Koestel, 56, who has lived in the ragtag community of houseboats of every description since 1971 and has raised two daughters there, said she once believed her group was making headway -- they won a five-year lease for their current location in 1983.

But in 1988, the lawsuits began. At issue was the state's insistence that the marina not encroach on proposed streets plotted by the state 100 years earlier when it was envisioned that the area would some day be filled for development. Although that never happened, blocks and streets were still shown on some maps.

For 14 years, there was a raft of lawsuits and no work on permits for new berths for the low-income Gates Co-op members.

In 1992, all sides reached an agreement, which was revised the next year, that included a land swap that gave the state open space in the marina and the harbor ownership of land under the docks and houseboats. The Gates Co-op also got space for up to 41 houseboats, although that number has decreased to 38 due to attrition.

In all, the expanded marina will contain 283 berths, a 1.26-acre shoreline park, a shoreline path and connection to an existing bike path, expanded harbormaster's office and additional parking.

Suki Sennett, president of the Floating Homes Assn., which represents residents of area marinas, and who also serves on a board representing owners of the houseboats at Waldo Point Harbor, said her group welcomes Gates Co-op residents who soon may be living in their midst.

"We've all gotten older and wiser," she said. "We're all very tired of this constant conflict with state agencies. We also as a community ... are very supportive of bringing in low- and moderate-income housing into our community."

Once the project is approved by the Bay Conservation and Development Commission, work can begin to upgrade the Gates Co-op houseboats -- more than half of which are in poor shape, Koestel said. The Marin County Board of Supervisors endorsed the project in February.

A pool of funds, including $1.4 million from the Marin Community Foundation, has been set aside for the work.

But Lynn Berard, senior project manager for the Ecumenical Assn. for Housing in San Rafael, which creates affordable housing in the county, said "the work that needs to be done far exceeds the money available."

She said her group, which is acting as the fiscal agency for the foundation, is trying to find other money to upgrade the houseboats -- some of which were not built to code.

Residents already have begun work to put their wood and metal houseboats on concrete barges, which prevent deterioration during low tides when the boats rest on the mudflats.
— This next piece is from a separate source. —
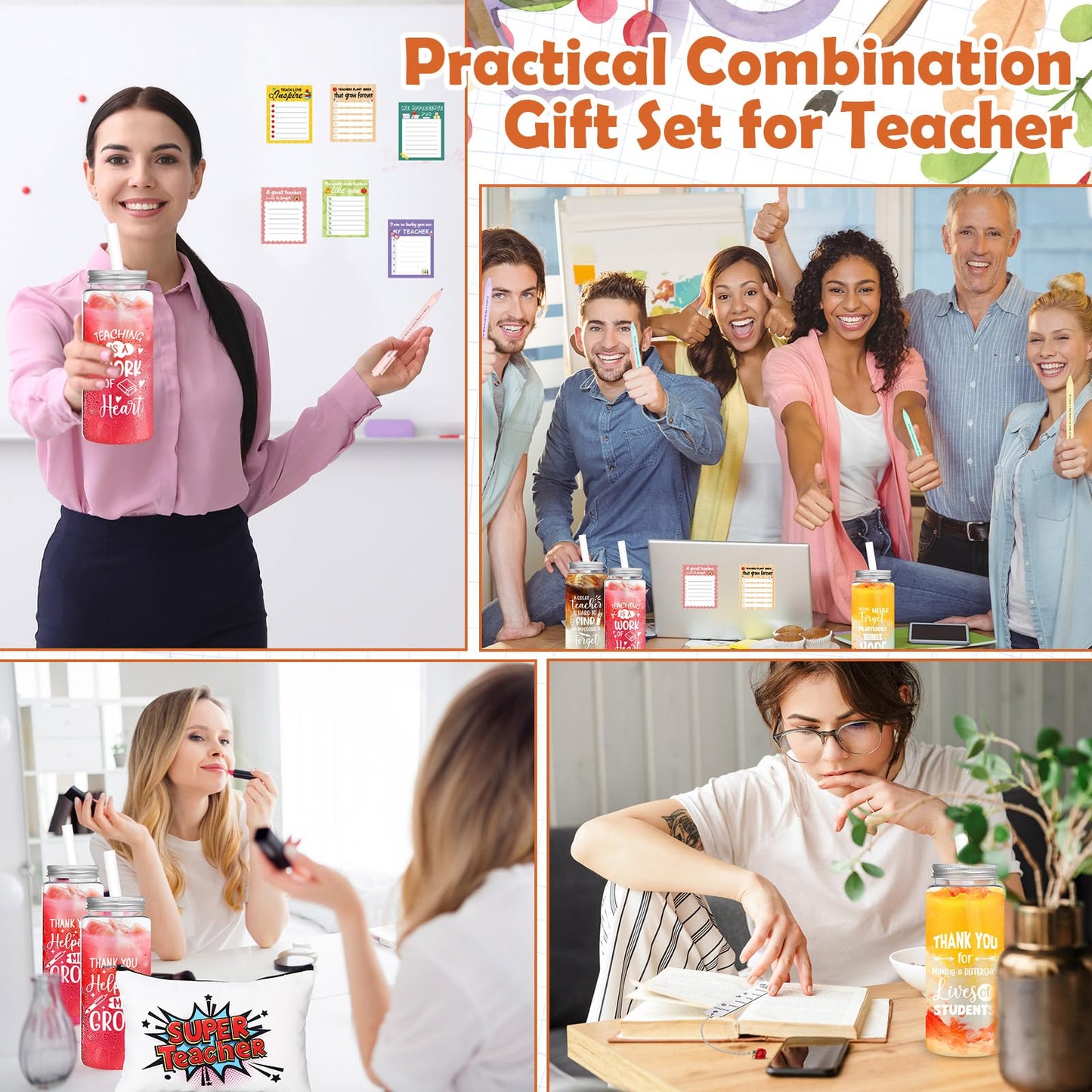 SiliFine 36 Pcs Teacher Appreciation Gift Set Back to School Best Teacher Gifts for Women 6 Set Thank You Tumbler with Lids Straws Makeup Bags Ballpoints Sticky Notepads Bookmark Pendant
Koestel's boat, which has two bedrooms and a bathroom downstairs and a kitchen and living room upstairs, seems to be in good condition. But she said she is worried about the stairway, which won't meet current codes because it's too steep.

Koestel has hookups for electricity, sewage and water. She uses propane gas to cook on her kitchen stove and a wood-burning stove for heat. She also has satellite TV.

Her 17-year-old daughter shuttles between her mother's boat and her father's houseboat nearby.

"I hope all this construction results in something comfy," Koestel said, adding that the average age of residents is 50. "But I don't want to sacrifice character for a bunch of square boxes."